In summary, we developed a NimbleGen CGH array and mapped 29,193 repeat junction sites and 12,417 gene based markers to specific D chromosomes of the wheat genomes. Among them, 5,171 RJMs and 10,892 gene probes representing 5,070 genes were mapped to the deletion bins of the D genome. Therefore, in addition to these repeat junction sites, we also mapped more than 2000 genes to the deletion bins as compared to the previous EST deletion bin map (2,962 gene sequences). In bread wheat, aneuploid stocks have been extensively used to assign markers linked with genes/traits to chromosomes, chromosome arms, and their specific bins. One disadvantage of the previous assignment of wheat ESTs to chromosome bins is that loci within each bin cannot be ordered. By utilizing the Ae. tauschii genetic map, in this study, the mapped genes within the deletion bins could be easily ordered.

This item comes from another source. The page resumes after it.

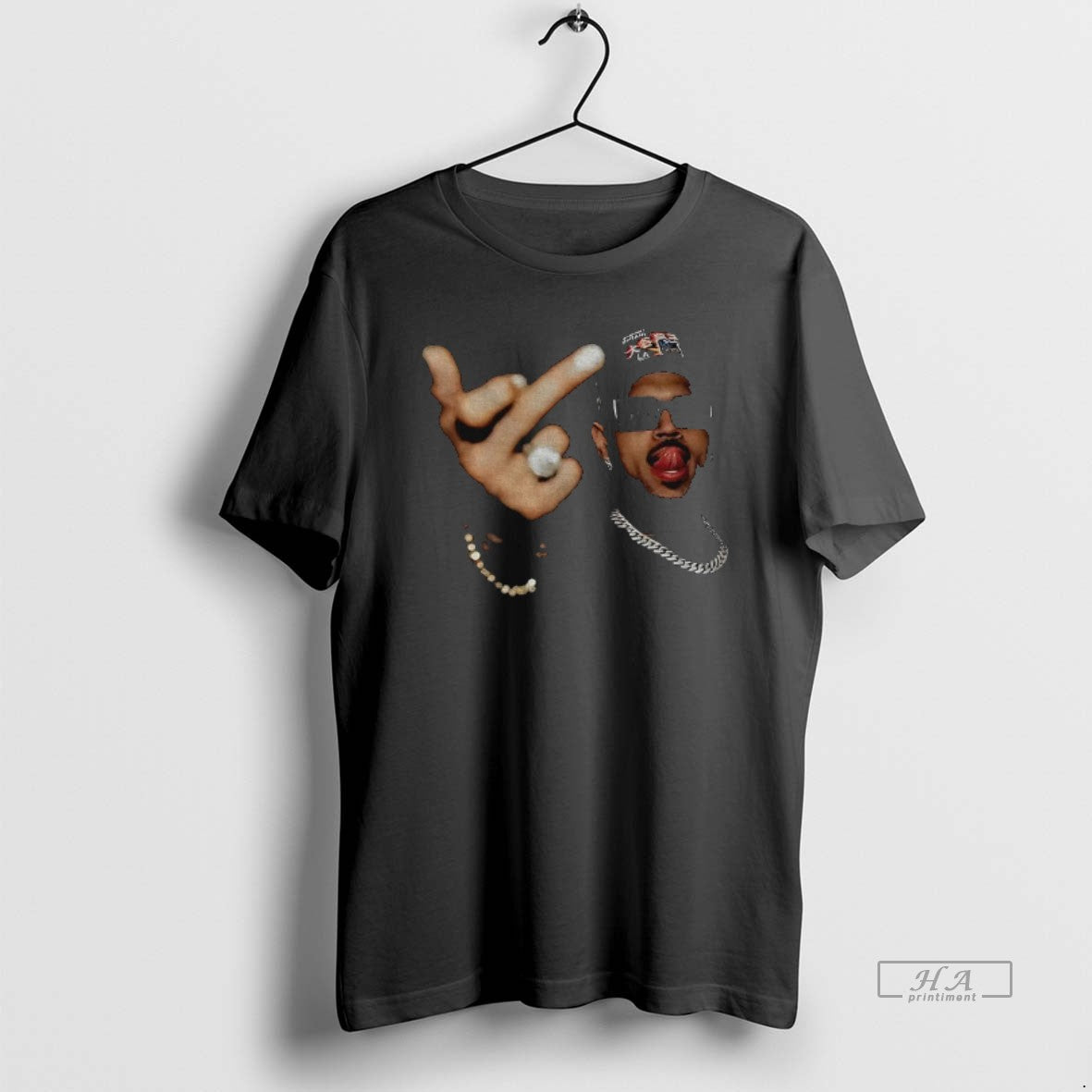 Official Chris Middle Finger Breezy Bowl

The ordered genes as well as repeat junction sites in deletion bin lines can provide a valuable resource for targeted mapping and map based cloning studies of the genes located on the D genome chromosomes of hexaploid wheat. A specific database (http://probes.pw.usda.gov/ATRJM/) was developed to allow users to search for marker/probe sequences within specific deletion bins or individual chromosomes by a simple BLAST analysis or marker ID input. In addition, we showed that 17,453 probes on the NimbleGen array can be linked to sequence contigs in the bread wheat sequence data, with an accumulated sequence length of ~155 Mb, representing ~3.2 % of the D genome. If a probe sequence can be anchored to the Chinese Spring shotgun sequence assembly data, the website will provide a link connecting to the sequence scaffold annotated in the EnsemblPlants database (http://plants.ensembl.org/index.html). This provides additional sequence information surrounding the marker/probe for further analysis. In addition, PCR primers designed to amplify the marker regions are provided and available for download, providing an easy and effective marker system for mapping of individual genes/traits of interest.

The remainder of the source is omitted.